At this point, we really haven't come to a conclusion regarding the issue of composting vs recycling of paper and cardboard. My guess is that we're likely to use a combination of the two disposal methods, at least until we come across more definitive reasons for choosing one over the other. Of course, for households that do not garden, there may be no need for compost, in which case recycling is likely the better option.


  1. This blog is nice.Natraj Industries is a popular manufacturer in the corrugated packaging industry, not only in India, but also in many other countries. Natraj Industries is dealing in packaging machinery manufacturing since 1978.3 Layer / 5 Layer Corrugated Board Plant.

  2. Looks like you've got your first spammer. Congratulations! :P

    I envy your recycling options, as mentioned in a previous entry. We have a standard recycling "station" trailer -- one of those things that can be towed along by a truck, and is removed for emptying as needed -- right at the end of our street. It accepts the usual materials, except glass. This bothers me, because I usually prefer to buy "wet stuff," like beverages and sauces, in glass bottles. I reuse a lot of glass containers, and offer the rest on Freecycle, but they are rarely accepted. I end up throwing a lot of them away just to avoid a potentially dangerous clutter. :(

    Tony and I don't recycle as much as we'd like to. We haven't gotten properly organized for it yet. This will require some work in our kitchen, to make room for sorting bins. We intend to replace our old microwave cart with a larger utility shelf, and we hope to place the (small) recycling bins on it.

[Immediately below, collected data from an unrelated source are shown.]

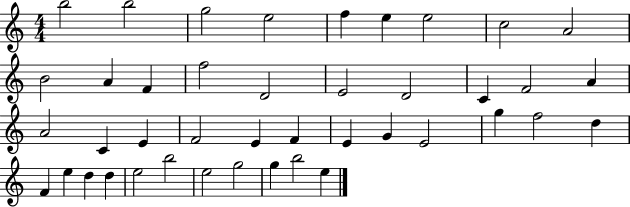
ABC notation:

X:1
T:Untitled
M:4/4
L:1/4
K:C
b2 b2 g2 e2 f e e2 c2 A2 B2 A F f2 D2 E2 D2 C F2 A A2 C E F2 E F E G E2 g f2 d F e d d e2 b2 e2 g2 g b2 e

Then we'll need something to help us efficiently and safely convey them outside to our vehicles. I'm thinking we'll use stackable bins, and a dolly to wheel them outside.

    I'm eager to find out how much we'll be able to reduce our household waste by recycling. I strongly suspect that we could take our waste down to zero, or close enough to it that we'll be able to cancel our trash collection service.

    1. You should save your glass, assuming you have the space, and take it to the London recycling center when you travel there. That is where we do all of our recycling. Its in a fairly convenient location, and I can give you directions if you're interested.

      Eventually I want to experiment with doing away with our trash pickup service as well. I believe that, if we put in the effort, we could reduce our waste down to an amount that could be saved and taken to the dump only very occasionally. The biggest challenge there would be in ensuring that the waste wasn't something that would attract pests or have a strong odor. Right now we average taking out 2 kitchen trash bags per week, and they are not usually full.